Massachusetts Superior Court: Possibility of Puzzling Together PII Doesn't Bar Release of Crimin


Last month, Judge Rosemary Connolly issued a decision, Healy v. Cruz, No. SUCV2016-03619, 2018 Mass. Super. LEXIS 485 (Mass. Super. Ct. Nov. 15, 2018), granting the Plaintiff's Motion for Summary Judgment. The Commonwealth Attorney General sought an order to force the Defendants to meet the Boston Globe's request for information from the district attorney offices' DAIMON case management databases. Judge Connolly ruled that there was a false choice between the privacy rights of accused individuals named in the case management system and the public's right to the information.

The Boston Globe requested that data from 22 fields be exported to a spreadsheet.

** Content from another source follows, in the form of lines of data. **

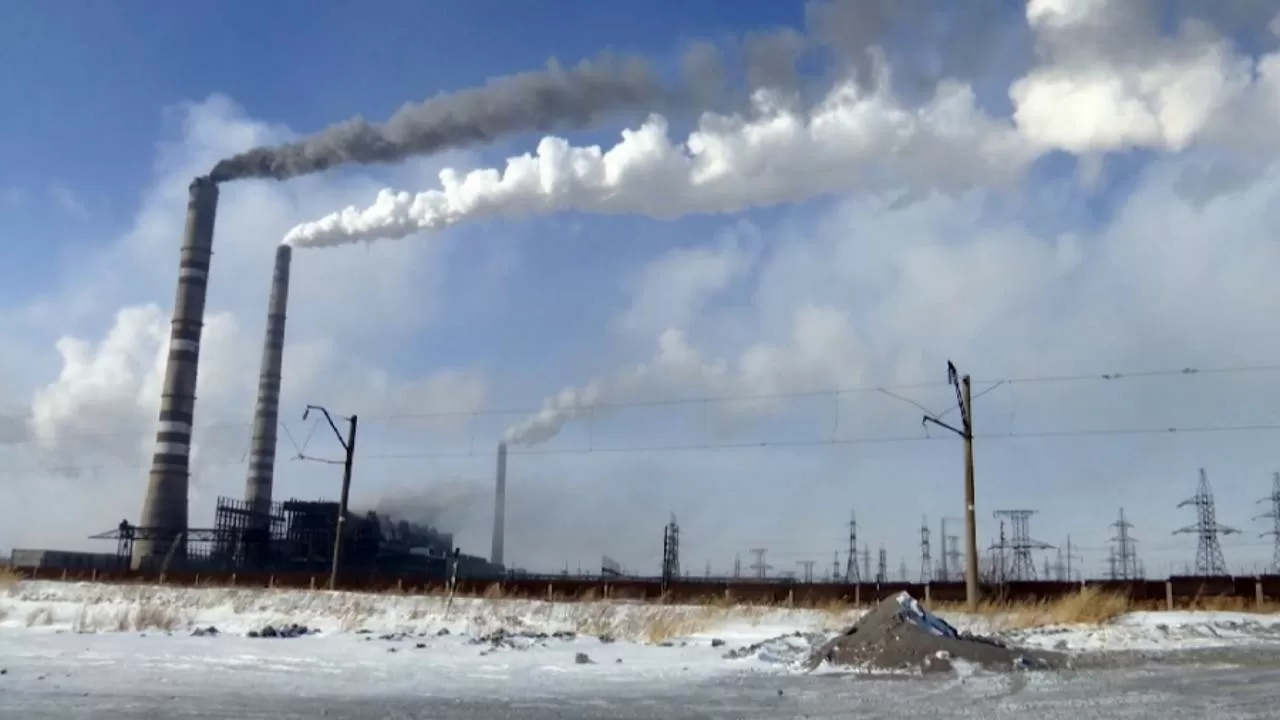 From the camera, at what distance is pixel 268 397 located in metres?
81.2

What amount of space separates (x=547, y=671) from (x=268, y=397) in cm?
7264

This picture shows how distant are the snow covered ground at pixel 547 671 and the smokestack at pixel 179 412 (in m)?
47.2

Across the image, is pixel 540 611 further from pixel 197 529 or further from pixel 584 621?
pixel 197 529

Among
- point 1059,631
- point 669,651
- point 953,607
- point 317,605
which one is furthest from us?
point 317,605

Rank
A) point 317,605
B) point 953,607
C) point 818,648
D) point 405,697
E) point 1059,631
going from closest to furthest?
point 405,697 → point 818,648 → point 1059,631 → point 953,607 → point 317,605

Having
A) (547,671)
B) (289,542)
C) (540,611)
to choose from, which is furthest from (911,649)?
(289,542)

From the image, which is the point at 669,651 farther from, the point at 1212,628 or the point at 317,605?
the point at 317,605

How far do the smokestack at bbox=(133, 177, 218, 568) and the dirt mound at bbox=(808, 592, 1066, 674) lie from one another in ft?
206

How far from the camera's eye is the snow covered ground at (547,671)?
10195 millimetres

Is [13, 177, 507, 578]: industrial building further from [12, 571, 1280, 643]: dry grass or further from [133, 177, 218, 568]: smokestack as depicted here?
[12, 571, 1280, 643]: dry grass

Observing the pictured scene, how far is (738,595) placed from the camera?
32.7 m

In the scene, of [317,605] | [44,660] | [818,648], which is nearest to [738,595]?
[317,605]

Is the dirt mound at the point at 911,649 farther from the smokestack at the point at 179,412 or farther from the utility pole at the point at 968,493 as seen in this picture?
the smokestack at the point at 179,412

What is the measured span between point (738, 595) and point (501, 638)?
16.1 meters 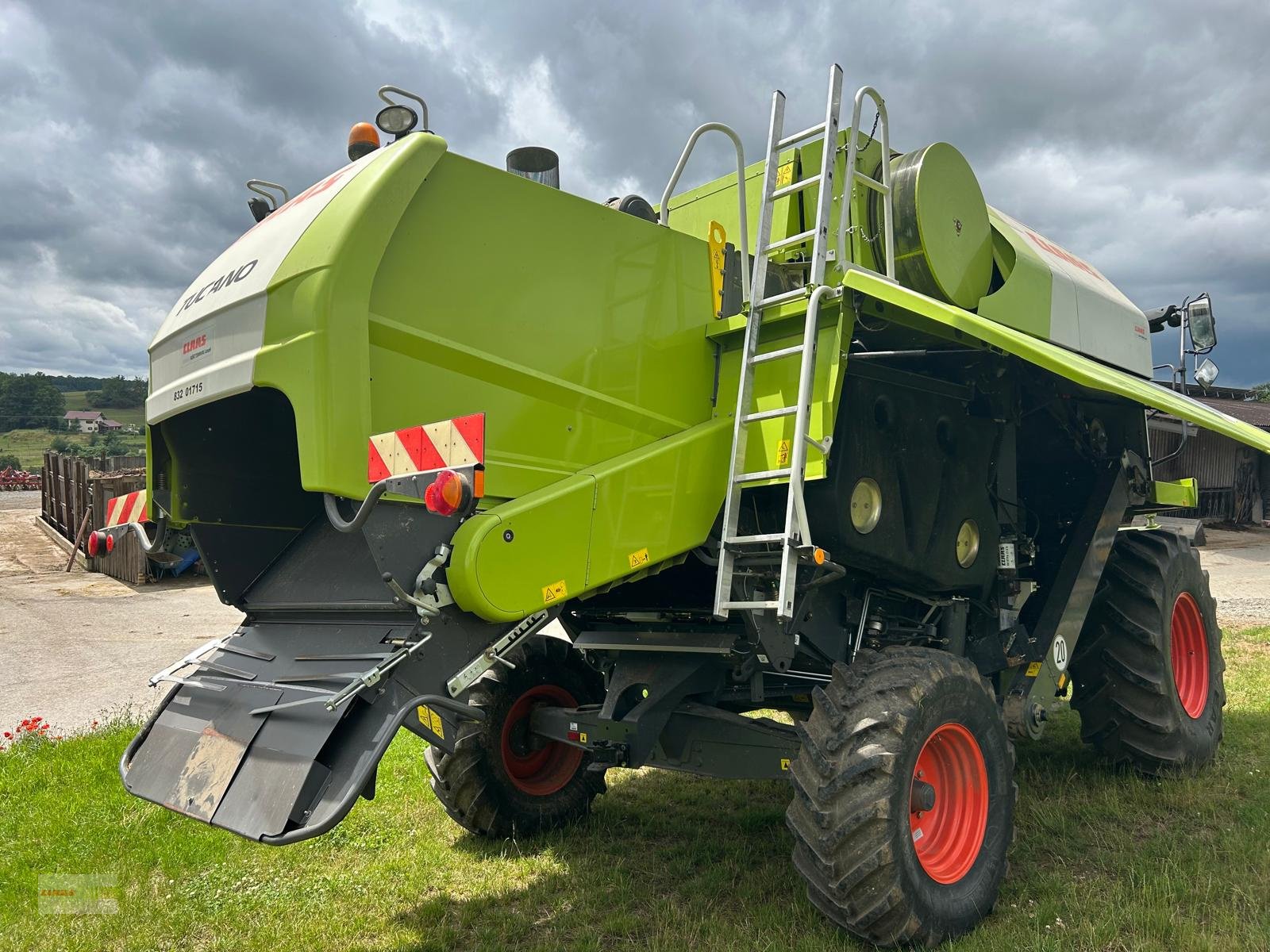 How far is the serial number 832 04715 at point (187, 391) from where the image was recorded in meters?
3.51

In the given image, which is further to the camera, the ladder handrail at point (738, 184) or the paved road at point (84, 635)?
the paved road at point (84, 635)

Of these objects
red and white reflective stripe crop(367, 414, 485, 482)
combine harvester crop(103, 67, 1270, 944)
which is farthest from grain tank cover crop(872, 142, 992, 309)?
red and white reflective stripe crop(367, 414, 485, 482)

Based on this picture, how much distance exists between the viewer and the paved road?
8359 mm

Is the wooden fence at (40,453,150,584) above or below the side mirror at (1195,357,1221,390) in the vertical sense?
A: below

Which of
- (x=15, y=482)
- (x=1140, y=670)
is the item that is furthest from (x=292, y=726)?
(x=15, y=482)

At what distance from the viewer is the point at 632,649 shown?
448 centimetres

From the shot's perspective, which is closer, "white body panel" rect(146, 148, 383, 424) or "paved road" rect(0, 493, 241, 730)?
"white body panel" rect(146, 148, 383, 424)

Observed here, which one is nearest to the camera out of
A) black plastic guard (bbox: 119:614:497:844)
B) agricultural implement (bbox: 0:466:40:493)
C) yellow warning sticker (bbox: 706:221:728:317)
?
black plastic guard (bbox: 119:614:497:844)

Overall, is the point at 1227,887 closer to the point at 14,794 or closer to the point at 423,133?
the point at 423,133

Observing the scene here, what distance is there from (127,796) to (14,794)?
0.74 m

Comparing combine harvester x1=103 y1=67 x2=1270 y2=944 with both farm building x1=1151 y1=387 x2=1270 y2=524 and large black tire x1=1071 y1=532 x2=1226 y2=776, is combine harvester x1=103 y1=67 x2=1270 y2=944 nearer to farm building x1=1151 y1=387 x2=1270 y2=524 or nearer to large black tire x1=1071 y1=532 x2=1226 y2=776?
large black tire x1=1071 y1=532 x2=1226 y2=776

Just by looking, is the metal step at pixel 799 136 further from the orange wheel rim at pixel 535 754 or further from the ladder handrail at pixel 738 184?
the orange wheel rim at pixel 535 754

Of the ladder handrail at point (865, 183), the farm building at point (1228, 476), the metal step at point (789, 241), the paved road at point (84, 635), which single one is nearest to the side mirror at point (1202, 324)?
the ladder handrail at point (865, 183)

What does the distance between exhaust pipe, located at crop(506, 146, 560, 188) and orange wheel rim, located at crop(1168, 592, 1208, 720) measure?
4519 millimetres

Three different district attorney offices objected on different bases: 1. attorney client privilege 2. the information was exempt from disclosure on the basis of a statute 3. it would be necessary to create a new record by compiling multiple records. 4. complying with the request would divert office resources and disrupt daily operations.

Massachusetts law requires record keepers to make public records available for inspection. The law specifies that there is a presumption that records are public unless an exemption applies. The Defendants claimed that exemptions apply as provided by statute; for intra-agency memoranda discussing policy; and for investigatory materials that if disclosed would impede law enforcement. The Criminal Offender Records Information (CORI) restricts the disclosure of a person's criminal history. The case concerns whether the public records law or CORI should govern. Judge Connolly did not view the laws as being in opposition and instead harmonized them so that the goal of each could be achieved.

The Court found the record requests do not fall under CORI because they apply only to data showing an identifiable individual. "Arguably, given all of the requested categories of information, one might be able to puzzle together a history for a particular individual. But it is also true that all but, perhaps the ADA's case disposition recommendation and defendant's ID number, are the types of information any member of the public could access by attending a court session, or reviewing a docket or court file in the clerk's office. The only difference in this instance is that the requestor is seeking the data from DAMION instead of from various public sources to obtain the same information." Id. at *24. The Defendants' argument that the breadth of the requested information could be used to identify specific individuals was rejected. ". . .the fact that individually identifying information could be discovered by someone requesting the same information does not convert the information requested in this case to CORI" Id. at *32.

Judge Connolly also found that the requested records can be obtained under an exemption to CORI for public court proceedings. She rejected the contention that the records fell under the work product exemption to the public records law. Judge Connolly disagreed that the request would require the creation of a new record merely because a query would have to be run for data and exported to a spreadsheet. Finally she rejected the Defendants' argument that the Trial Court Uniform Rules on Public Access to Court Records provision which refers to copying part of the case management databases as being burdensome to court personnel applies. These rules also allow for the bulk export of data to meet the requirements of law.